How far is the nearest bus stop?

Access to public transportation is a relatively important affair, since it translates into the accessibility to healthcare for the elderly and directly ties into educational and work opportunities, especially for lower socioeconomic groups.

Answering how well Malta is served is actually not that hard, given that you phrase the question along the lines of ‘how far is it to the nearest bus stop?’, ignoring things like frequency and routes.

Getting locations of all bus stops

Getting the location of almost anything is exceptionally easy through the osmdata package: essentially a friendly R interface to openstreetmap.org.

library(tidyverse)
library(osmdata)
library(sf)
library(raster)
library(viridis)
library(scales)

bbox = c(14.18, 35.80,
         14.57, 36.08)

bus_stops <- opq(bbox=bbox) |>
  add_osm_feature(key = "highway", value = "bus_stop") |>
  osmdata_sf()|>
  purrr::pluck("osm_points") |>
  st_transform(3035)

We st_transform to the recommended projection for EU countries to switch over to meters from degrees since we’ll be measuring distances in a bit.

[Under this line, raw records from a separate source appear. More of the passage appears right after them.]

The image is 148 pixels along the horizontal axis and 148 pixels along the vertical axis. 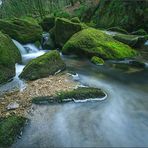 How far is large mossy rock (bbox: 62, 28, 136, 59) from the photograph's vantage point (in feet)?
43.1

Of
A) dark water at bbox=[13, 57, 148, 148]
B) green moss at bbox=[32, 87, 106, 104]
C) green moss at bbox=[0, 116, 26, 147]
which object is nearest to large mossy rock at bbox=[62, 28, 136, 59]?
dark water at bbox=[13, 57, 148, 148]

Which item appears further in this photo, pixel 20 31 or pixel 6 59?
pixel 20 31

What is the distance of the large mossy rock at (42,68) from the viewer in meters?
9.77

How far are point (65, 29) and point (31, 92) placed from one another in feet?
26.0

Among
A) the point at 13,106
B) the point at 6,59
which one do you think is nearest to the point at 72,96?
the point at 13,106

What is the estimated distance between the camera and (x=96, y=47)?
13211 mm

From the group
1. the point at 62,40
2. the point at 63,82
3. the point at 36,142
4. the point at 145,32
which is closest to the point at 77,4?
the point at 145,32

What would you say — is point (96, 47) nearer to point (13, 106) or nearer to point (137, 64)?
point (137, 64)

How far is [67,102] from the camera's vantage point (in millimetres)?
7812

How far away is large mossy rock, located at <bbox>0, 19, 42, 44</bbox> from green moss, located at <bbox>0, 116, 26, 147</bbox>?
9881 millimetres

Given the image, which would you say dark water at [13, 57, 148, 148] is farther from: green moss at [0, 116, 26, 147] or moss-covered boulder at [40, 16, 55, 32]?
moss-covered boulder at [40, 16, 55, 32]

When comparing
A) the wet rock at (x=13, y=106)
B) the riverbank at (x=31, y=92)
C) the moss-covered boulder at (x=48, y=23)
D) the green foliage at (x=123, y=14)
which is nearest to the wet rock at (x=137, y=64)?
the riverbank at (x=31, y=92)

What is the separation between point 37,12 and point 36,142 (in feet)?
95.9

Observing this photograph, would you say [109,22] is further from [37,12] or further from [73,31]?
[37,12] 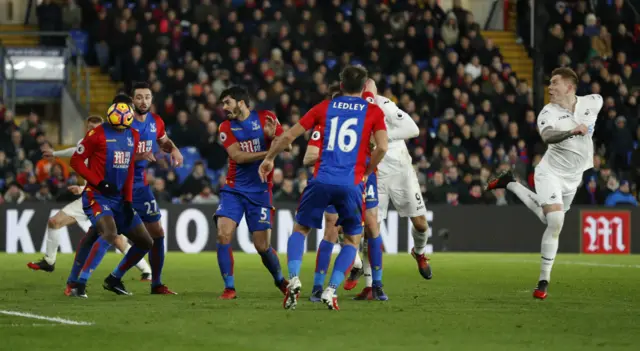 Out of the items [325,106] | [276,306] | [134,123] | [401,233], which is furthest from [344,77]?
[401,233]

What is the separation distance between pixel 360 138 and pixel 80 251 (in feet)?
12.5

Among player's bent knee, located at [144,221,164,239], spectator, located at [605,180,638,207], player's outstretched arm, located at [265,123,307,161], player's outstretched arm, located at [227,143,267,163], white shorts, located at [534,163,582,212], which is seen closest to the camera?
→ player's outstretched arm, located at [265,123,307,161]

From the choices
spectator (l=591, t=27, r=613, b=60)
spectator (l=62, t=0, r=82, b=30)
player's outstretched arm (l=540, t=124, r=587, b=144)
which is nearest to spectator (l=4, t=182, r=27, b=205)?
spectator (l=62, t=0, r=82, b=30)

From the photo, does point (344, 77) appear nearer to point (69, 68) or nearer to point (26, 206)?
point (26, 206)

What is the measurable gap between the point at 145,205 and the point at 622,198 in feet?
47.6

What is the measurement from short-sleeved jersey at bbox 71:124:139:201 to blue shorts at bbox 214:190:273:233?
93cm

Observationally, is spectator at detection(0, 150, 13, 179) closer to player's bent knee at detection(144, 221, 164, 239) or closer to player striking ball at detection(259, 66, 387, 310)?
player's bent knee at detection(144, 221, 164, 239)

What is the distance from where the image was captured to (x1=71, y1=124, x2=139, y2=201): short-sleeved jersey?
12.2 m

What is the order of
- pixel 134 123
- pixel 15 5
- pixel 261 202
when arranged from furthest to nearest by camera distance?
pixel 15 5
pixel 134 123
pixel 261 202

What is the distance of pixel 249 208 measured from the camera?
12.4 m

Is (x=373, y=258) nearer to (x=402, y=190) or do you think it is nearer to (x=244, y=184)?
(x=244, y=184)

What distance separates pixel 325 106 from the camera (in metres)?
10.6

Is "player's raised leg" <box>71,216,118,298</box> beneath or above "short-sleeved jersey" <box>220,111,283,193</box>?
beneath

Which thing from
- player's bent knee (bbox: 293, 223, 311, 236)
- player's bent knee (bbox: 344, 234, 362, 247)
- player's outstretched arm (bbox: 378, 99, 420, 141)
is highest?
player's outstretched arm (bbox: 378, 99, 420, 141)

The raster package actually has a function to fetch country shapefiles, which I’ll also use:

mt <- raster::getData(country = "Malta", level = 2) |>
  st_as_sf() |> 
  st_transform(3035)

And believe it or not, we’ve already written enough code to plot all the locations of bus stops!

ggplot()+
  geom_sf(data = mt)+
  geom_sf(data=bus_stops, alpha=0.5, size=0.5, color='darkgoldenrod1')+
  coord_sf()+
  theme_bw()

Measuring ‘Distance’

To measure the distance between the bus stops and any point on the islands, first we’ll create a grid of points, then sequentially go through them and measure the distance of each point from the nearest stop.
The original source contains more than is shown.